### [Task objective]
I need the lines below from the one with "Rooftop Jacuzzi Penthouse by Sea N' Rent" down to the one with "Neighbourhood, Balcony/Terrace, Beach, Sea" reproduced exactly, both ends included, and nothing else.
::: Data records
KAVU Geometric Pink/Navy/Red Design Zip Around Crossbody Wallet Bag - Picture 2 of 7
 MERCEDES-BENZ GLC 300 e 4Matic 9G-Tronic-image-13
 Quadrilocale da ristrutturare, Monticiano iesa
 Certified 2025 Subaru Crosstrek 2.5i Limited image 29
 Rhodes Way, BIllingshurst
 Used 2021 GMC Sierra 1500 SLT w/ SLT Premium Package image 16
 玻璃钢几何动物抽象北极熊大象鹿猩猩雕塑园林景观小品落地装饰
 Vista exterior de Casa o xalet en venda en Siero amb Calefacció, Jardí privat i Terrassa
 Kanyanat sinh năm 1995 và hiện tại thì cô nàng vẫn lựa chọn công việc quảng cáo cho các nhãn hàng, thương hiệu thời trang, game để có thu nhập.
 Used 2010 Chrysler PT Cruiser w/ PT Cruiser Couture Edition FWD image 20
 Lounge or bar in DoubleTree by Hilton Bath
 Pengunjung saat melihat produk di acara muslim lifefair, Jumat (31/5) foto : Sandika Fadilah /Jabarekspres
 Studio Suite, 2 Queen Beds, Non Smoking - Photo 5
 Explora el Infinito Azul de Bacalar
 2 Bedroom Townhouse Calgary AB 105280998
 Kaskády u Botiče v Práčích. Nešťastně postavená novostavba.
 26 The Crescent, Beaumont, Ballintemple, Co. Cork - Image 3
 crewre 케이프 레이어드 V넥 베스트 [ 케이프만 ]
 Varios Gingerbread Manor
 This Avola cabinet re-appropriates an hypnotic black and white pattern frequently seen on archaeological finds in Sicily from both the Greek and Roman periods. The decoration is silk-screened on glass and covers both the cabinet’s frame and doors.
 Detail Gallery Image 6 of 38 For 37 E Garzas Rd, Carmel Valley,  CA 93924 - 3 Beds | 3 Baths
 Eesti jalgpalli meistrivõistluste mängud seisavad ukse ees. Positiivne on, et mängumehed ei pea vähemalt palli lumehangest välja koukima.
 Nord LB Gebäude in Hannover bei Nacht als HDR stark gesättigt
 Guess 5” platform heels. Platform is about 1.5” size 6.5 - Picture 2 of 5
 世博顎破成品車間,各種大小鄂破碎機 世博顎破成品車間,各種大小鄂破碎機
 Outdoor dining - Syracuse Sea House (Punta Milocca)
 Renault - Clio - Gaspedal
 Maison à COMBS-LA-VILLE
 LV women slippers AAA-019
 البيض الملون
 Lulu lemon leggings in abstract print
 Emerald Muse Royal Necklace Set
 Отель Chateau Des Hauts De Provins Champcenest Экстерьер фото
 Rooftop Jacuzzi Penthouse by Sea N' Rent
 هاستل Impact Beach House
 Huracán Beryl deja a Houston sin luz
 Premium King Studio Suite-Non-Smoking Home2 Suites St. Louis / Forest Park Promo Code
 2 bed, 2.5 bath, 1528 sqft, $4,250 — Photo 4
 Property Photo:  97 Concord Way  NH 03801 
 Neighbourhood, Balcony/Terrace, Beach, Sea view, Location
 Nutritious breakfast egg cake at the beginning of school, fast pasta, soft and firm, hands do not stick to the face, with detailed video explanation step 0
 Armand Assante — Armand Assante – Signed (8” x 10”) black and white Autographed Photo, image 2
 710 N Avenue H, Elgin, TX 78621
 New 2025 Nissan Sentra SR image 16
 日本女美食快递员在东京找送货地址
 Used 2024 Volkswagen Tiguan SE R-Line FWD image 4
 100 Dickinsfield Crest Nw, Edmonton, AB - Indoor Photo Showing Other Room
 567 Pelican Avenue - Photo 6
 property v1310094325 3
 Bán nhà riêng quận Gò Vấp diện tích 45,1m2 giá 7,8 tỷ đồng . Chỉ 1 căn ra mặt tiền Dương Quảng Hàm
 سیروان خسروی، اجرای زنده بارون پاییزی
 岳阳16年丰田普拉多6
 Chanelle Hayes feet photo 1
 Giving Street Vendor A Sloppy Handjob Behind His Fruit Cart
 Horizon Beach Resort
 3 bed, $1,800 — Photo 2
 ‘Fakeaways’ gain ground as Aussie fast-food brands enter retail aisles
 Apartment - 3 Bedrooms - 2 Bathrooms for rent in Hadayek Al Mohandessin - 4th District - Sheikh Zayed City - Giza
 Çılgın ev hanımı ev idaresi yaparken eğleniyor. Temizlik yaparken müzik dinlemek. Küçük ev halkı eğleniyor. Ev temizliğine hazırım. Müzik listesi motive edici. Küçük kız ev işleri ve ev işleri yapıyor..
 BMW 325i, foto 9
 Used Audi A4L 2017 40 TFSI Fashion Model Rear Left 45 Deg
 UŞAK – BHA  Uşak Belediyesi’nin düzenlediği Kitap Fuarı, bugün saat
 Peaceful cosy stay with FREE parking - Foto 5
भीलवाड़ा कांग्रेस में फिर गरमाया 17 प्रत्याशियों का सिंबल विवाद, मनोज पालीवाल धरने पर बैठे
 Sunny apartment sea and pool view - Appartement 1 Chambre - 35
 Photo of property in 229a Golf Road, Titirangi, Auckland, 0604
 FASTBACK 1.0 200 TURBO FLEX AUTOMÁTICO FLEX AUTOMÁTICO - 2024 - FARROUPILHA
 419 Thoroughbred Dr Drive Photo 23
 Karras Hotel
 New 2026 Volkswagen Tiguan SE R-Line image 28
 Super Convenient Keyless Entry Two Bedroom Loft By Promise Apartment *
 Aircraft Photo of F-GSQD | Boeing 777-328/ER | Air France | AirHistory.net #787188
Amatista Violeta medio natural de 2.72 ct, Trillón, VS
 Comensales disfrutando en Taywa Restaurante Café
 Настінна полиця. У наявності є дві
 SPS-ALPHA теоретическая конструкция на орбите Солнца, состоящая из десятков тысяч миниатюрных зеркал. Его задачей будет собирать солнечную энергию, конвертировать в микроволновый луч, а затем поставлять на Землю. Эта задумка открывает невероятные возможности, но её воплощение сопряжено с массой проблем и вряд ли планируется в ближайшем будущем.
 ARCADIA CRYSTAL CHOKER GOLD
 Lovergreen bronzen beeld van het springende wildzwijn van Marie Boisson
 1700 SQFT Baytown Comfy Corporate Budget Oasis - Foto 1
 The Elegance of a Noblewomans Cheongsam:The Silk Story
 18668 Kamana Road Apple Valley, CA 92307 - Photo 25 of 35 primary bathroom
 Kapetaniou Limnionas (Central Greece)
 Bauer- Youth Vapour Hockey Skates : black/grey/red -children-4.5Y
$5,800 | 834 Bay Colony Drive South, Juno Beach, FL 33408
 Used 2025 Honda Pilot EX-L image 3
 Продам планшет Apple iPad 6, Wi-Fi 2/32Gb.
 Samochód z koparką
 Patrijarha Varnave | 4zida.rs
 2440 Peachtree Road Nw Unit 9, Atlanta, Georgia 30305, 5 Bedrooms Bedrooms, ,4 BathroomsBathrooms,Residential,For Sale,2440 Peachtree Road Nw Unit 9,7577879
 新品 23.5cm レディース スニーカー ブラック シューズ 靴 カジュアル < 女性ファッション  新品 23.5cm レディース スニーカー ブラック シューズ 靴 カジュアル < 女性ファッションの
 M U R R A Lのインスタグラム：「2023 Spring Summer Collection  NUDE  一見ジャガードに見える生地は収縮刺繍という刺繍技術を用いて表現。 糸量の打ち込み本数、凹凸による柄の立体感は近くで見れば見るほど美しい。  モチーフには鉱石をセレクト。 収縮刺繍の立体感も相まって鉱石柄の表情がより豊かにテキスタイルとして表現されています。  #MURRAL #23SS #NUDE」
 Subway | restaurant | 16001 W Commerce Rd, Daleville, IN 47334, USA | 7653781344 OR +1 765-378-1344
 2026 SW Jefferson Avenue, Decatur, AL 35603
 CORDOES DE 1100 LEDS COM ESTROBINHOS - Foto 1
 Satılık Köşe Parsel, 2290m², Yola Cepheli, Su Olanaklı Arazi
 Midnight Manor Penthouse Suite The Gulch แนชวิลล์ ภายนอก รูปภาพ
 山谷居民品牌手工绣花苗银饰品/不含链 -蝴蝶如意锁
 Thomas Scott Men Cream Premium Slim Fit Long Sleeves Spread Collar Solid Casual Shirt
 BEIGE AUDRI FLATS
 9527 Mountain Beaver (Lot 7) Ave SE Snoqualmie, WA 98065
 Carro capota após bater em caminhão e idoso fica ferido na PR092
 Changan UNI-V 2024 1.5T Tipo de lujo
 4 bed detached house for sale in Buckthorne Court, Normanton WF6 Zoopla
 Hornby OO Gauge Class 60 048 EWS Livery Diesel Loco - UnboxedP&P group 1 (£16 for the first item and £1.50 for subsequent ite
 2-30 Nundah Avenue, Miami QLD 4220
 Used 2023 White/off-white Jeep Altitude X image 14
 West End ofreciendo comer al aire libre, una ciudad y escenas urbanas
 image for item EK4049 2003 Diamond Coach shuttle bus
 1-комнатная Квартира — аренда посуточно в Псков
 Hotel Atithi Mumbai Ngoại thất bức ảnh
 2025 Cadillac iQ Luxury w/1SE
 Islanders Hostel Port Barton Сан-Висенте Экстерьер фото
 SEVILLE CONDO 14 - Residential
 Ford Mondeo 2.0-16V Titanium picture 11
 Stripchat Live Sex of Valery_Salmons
::::::
### [Reply to the exercise]
 Rooftop Jacuzzi Penthouse by Sea N' Rent
 هاستل Impact Beach House
 Huracán Beryl deja a Houston sin luz
 Premium King Studio Suite-Non-Smoking Home2 Suites St. Louis / Forest Park Promo Code
 2 bed, 2.5 bath, 1528 sqft, $4,250 — Photo 4
 Property Photo:  97 Concord Way  NH 03801 
 Neighbourhood, Balcony/Terrace, Beach, Sea view, Location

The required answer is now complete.